Running data science projects successfully is already quite challenging, and the first step is to hire some data scientists. Given the current market this is no easy task. I think it is even harder than hiring “traditional” software engineering roles, because the role is still new, there are different paths to become a data scientist, and there is more variability in the requirements for the role depending on where you are on your data science journey, and how you choose to run data science.
It is a pretty broad topic, but I’d like to address six important questions based on my experience, doing interviews, hiring data scientists into teams, consulting companies with data science teams, defining and shaping the job role, and teaching data science.
How much to pay for data scientists?
Expect to pay 10-20% more than software engineers at the same level. It is not uncommon that data scientists have a couple of offers if they are interviewing. Don’t loose out because you’re compensation is not on par.
What kind of experience is crucial?
Generally speaking, you’d want at least 1-2 years of industry experience and one project that they were part of from inception to production.
A core competency you should be looking for is knowing how to make the connection between a customer/business problem and ML.
Mastering ML methods and being able to run a data science project successfully are two different things. Learning ML focusses a lot on algorithms and technology, but to uncover the true potential for your business, they need to know how to go on the whole journey from understanding customer problems to a ML solution in production. Mapping customer problems to ML problems is a task that you best learn building an actual product.
A great way to test this skill is to take a new or hypothetical customer problem you have in your company and ask them how they would solve it with ML. It shouldn’t be too obvious how to do it and there also might not be only one correct answer. You can learn a lot from an open discussion about the approach a candidate takes.
I’m aware that this is a problem for people starting in the field. You need to get a position in a company to learn this skill, but you cannot get a position if you don’t know it yet. The solution is to hire juniors once you have seniors in your team (see below), and to look for any past projects (side projects, master theses, etc.) that go beyond simply applying a method to a problem.
How much software engineering should I look for?
The answer depends a lot on the product and the team structure.
Your application might be mostly small to medium scale data with more classical statistical and ML applications like forecasting, classification (probably mostly DS work in Python). Or it might be more large scale like recommendation, ad optimization (data needs some familiarity with scalable data processing like Spark or some SQL engine). Or it require state of the art ML methods like natural language processing and computer vision (requires familiarity with deep learning, GPUs).
It also depends how close the data scientists are to production, and whether you have strong software engineers to support them or not, and whether you have data engineers or ML engineers on the team.
And lastly it depends on whether you are starting out (more generalist profiles), or already scaled up (people who can refine an already existing solution further, potentially already more cross-functional teams).
What about take-home tests?
Don’t do take-home tests, but screening interviews may be ok.
I’m generally not a fan of take home tests. They take a lot of time for the candidate, and need to be designed very well to be of use. Also, the interviewer should really take the time to review the take home test, which also doesn’t happen always, unfortunately. In the current market, candidates might also just skip your company because others don’t require it.
What you can and should do are screening interviews that cover basic questions (for example, concepts like likelihood, algorithms like k-means clustering, etc.) before people enter the main interviews. The path to becoming data scientists are so diverse, that you need to make sure the basics which are important to you are there. You can also standardize this interview so that more people can do it.

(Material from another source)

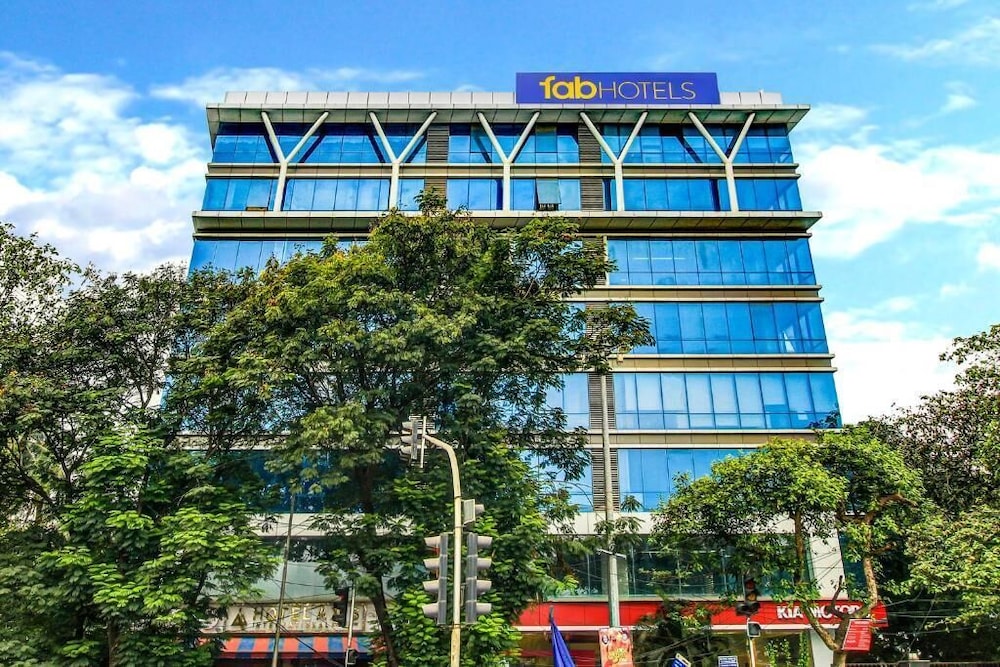 FabHotel Axis International Nr Mumbai International Airport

Sometimes people are concerned about coding capabilities (see above). For that you can do a coding interview (e.g. for Python, at an intermediate level).
How well should people know ML? Should they be able to derive update equations?

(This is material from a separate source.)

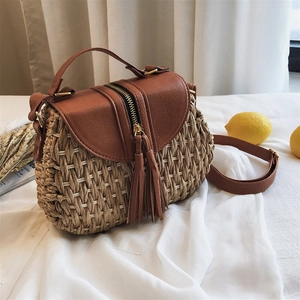 Sac bandoulière en paille avec rabat en cuir marron et détail de pompons chic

Dive deep at least once in the interview.
I think it is important that people have good intuitive understanding of how a method works. If a ML method don’t work as expected, you need to have a mental model to understand failure modes and fix it. The most practical way to test this is to ask people about past projects and drill down on the main methods they have used there. It is a fair test because you are asking about something they should be highly familiar with. It is definitely better than asking random algorithmic questions. Unfortuantely, still many people fail this test.
Which roles to hire for a new team?
I generally recommend starting with one senior data scientist. They need to be able to work alone and make some impact. Next you need to hire another senior. It seems expensive, but data scientists often need someone to discuss and talk through things. After that you can start hiring junior data scientists. Look for seniors who are good mentors. Look for past evidence that they are keen to help people grow.
Where do I get data scientists?
That is probably the most important question, but unfortunately I don’t have an answer to this.
Have I missed something? What are the areas you are most struggling with?